Long-standing interest in the effects of media has frequently been accompanied by a fascination with the relative power of the various communication channels to achieve those effects. Agenda setting has been no exception. Once people understand the basic idea of agenda setting, they are quick to ask which medium is more powerful in setting the public agenda. In the latter half of the twentieth century, attention was directed particularly at comparisons between newspapers and television. Now the panoply of social media has been added. The best answer to this question is: ‘It depends.’ Whether all these channels speak as a chorus, with little difference among them, or whether one or two channels clearly surpass the others in impact, varies considerably from one situation to another. Even where differences do exist, most of the channels contribute to these agenda-setting effects. We swim in a vast sea of news and information, a gestalt of communication channels, where the whole is far greater than the sum of its parts.
However, in the examination of media effects over the years, there has been a tendency to emphasize individual media more than the media collectively. This is particularly salient in the literature on media effects and political polarization, a body of work that has been studied in the agenda-setting literature under the rubric of ‘attribute agenda setting’. For instance, a study conducted in the context of the US elections of 2012 found that the affective attributes (e.g. morality, leadership, caring, intelligence, and honesty) of the candidates emphasized by a partisan channel (Fox News) produced a different agenda-setting process when compared to more neutral networks (CNN and NBC). 62This line of research confirms that people are influenced by the media they choose to use, such that polarization and the ensuing audience fragmentation does not weaken the existence of individual-level media effects.

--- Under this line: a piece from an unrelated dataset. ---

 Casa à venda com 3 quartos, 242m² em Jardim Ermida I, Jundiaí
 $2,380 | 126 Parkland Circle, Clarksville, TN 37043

In contrast, the concept of civic osmosis emphasizes this collective role of the media. And the proliferation of new media adds a rich variety of dynamic channels to this communication gestalt. Increasingly, we swim in a sea of diversity, and we need to understand the currents in this sea, both those that enhance communication and those that pollute the sea. Above all, we need to understand the sea as a whole, how it changes and shifts over time, and how it impacts the public agenda. There is abundant empirical evidence about the absorption of news and information from this communication gestalt that dates from the earliest days of our field to the present. In the benchmark 1940 Erie County study, Paul Lazarsfeld and his colleagues found substantial overlap in people’s use of the various mass media:
People highly exposed to one medium of communication also tend to be highly exposed to other media. There are relatively few who are highly exposed to one medium and little exposed to the other. 63
Although, in response to survey questions, people can name a particular news medium as their primary source – the newspaper that they read most mornings, the radio or TV news that they tune to with some regularity – people are far from immune to the larger news environment. In the 1996 Spanish national election, there was considerable similarity between people’s level of agreement with their primary medium’s agenda in comparison to their level of agreement with the agenda of the primary medium’s principal competitor. 64For example, among voters who identified Diario de Navarra as their primary news source, the agenda-setting correlation was +0.62. Their level of agreement with the competing local newspaper was +0.57. Across eighteen comparisons, the median difference in the correlations is only 0.09.